Piqué par la curiosité, j'ai cherché. Vite et bien, semble-t-il, parce que j'ai vite trouvé. Vite trouvé le nom, s'entend, car l'artiste lui-même m'a plutôt scotché, et j'ai pris quelques semaines de plus pour parcourir son oeuvre, car plus j'en voyais de ce monsieur et plus j'étais certain d'avoir déjà vu ou lu un de ses bouquins, bouquins pourtant totalement introuvables (voire inexistants).
Son nom ? Louis Biedermann.
Biedermann (1874-1957) est un illustrateur de presse, multigenre et multitâche, auquel on doit essentiellement des dessins accompagnant les articles n'ayant pas de photos. Il se fait vite remarquer et signe par la suite de nombreux posters promotionnels pour des douzaines de trucs différents et illustre de nombreux livres et pulps de l'époque. Le problème, c'est qu'en dehors d'une pelletée d'images et de ces quelques indices de carrières, il est devenu un de ces fantômes du début du XXème siècle dont on connait des oeuvres éparses et absolument pas la vie. La raison ? Elle est double : d'abord, il a essentiellement publié dans des périodiques qu'il est extrêmement compliqué d'archiver, ensuite, le caractère incroyablement transformiste de son trait.
Biedermann était de ces artistes qui pouvaient en remplacer un autre et imiter à la perfection les caractéristiques distinctives de ses pairs. A ce titre, par exemple, l'illustration qui m'a permis d'identifier sa signature est particulièrement représentative.

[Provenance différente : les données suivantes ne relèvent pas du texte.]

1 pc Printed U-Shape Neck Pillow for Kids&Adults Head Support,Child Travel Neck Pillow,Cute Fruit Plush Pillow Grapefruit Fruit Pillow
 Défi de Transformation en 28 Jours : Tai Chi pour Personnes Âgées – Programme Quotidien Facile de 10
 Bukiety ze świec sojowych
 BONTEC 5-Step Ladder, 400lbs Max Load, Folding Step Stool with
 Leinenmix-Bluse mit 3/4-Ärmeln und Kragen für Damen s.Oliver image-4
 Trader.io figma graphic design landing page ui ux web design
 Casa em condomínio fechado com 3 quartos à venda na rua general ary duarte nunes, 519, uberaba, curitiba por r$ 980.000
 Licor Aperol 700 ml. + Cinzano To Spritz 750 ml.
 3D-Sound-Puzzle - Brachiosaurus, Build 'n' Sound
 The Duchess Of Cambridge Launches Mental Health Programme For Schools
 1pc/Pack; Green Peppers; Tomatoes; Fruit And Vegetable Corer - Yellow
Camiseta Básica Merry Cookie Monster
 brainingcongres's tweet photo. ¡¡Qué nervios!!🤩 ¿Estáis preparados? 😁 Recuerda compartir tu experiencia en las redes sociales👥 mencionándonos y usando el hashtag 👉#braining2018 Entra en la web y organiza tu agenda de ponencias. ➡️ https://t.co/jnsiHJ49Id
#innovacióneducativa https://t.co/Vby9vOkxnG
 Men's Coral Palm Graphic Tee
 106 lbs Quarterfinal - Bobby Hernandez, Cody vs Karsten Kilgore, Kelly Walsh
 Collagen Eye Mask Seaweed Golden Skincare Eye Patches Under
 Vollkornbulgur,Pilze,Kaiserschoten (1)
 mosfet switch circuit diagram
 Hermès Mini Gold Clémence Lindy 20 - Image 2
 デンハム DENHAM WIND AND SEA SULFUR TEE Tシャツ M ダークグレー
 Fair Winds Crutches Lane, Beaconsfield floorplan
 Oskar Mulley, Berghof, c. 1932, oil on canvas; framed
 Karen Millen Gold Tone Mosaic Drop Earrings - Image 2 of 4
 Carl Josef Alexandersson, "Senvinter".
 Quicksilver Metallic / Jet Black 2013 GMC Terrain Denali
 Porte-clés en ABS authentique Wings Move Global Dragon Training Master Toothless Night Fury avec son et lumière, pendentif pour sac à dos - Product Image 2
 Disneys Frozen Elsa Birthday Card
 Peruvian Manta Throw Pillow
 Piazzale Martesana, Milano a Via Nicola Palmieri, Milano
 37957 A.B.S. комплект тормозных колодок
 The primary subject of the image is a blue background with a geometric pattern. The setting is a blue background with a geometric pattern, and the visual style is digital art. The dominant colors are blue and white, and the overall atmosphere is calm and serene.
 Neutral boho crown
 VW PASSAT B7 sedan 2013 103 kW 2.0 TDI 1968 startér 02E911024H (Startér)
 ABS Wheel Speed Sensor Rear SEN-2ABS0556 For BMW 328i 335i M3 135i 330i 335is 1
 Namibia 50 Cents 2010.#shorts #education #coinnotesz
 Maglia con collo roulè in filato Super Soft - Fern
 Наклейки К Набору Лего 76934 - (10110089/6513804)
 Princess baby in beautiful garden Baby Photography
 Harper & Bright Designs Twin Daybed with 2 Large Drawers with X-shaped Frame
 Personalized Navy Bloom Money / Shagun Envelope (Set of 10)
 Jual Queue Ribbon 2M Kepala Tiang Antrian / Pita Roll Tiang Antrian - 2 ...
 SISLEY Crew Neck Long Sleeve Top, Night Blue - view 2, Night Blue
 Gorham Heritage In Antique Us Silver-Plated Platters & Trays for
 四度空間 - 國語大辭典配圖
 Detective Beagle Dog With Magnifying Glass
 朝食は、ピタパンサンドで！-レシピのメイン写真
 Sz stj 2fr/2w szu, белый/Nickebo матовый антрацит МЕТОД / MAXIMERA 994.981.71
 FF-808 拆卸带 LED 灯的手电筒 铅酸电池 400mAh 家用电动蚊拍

Montrant entre autres les extraordinaires qualités de graveur de Biedermann (pour un décor de place apparemment totalement fictionnel qui pourrait aussi bien être Bruxelles que Copenhague), cette illustration, issue du calendrier 1930 de King Features est aussi un monument pour tout amateur de comic strips de l'époque. Chaque personnage y est rendu dans le style même de son auteur dans un grand mélange cartoony, et un grand mélange cartoony que je suis certain de connaître. Sans rire, si la signature et le nom ne me disaient évidemment rien, une fois devant ce poster, j'étais certain d'avoir déjà eu affaire au monsieur dans ma jeunesse. Ces grands compositions de héros jeunesse nord-américain, au style relativement commun, entre le Little Nemo de Windsor McCay et le Disney des origines...
Plus que tout, c'est le drôle de dandy débraillé portant un paquet sur la gauche qui me rappelait quelque-chose. Quelque chose dont j'avais une idée très précise d'ailleurs : ce type a tellement la tronche d'un soviet dans Tintin que c'en est presque honteux. Je devais savoir.
J'ai vite su.
L'idée même de ces illustrations vient en fait du livre All the Funny Folks, publié en 1926 et auquel Biedermann avait participé. Il rassemblait, au format pour enfant, différent héros de funnies (petit nom accordé aux comic strips familiaux et jeunesse) dont une partie de moi est sûre et certaine d'avoir eu un exemplaire entre les mains dans sa jeunesse. Où et dans quelle langue reste le grand mystère.
Toujours est-il que j'avais le nom de mon fameux personne : il s'appelle Jiggs et fut créé en 1913 par George McManus dans son strip Bringing up Father (La Famille Illico en France, dont, ça par contre, toutes les parties de moi sont d'accord pour dire que je lisais chez mes grand-parents - pour être précis, ils avaient un exemplaire des parutions Hachette de la version Frank Fletcher du strip).
Mais cette idée de soviet me hantait... Alors j'ai cherché, et j'ai découvert qu'Hergé avait une fascination pour McManus et ses nez "en boutons". D'où le style originel de ses dessins, notamment sur Totor (1926), et la présence, effectivement, de personnages aux caractéristiques très jiggsiennes lancés aux trousses de Tintin.
Louis Biedermann, donc. Une signature dont je me souviendrai.
Et 'faut tellement que je m'entraîne à lui piquer son style pour les paysages.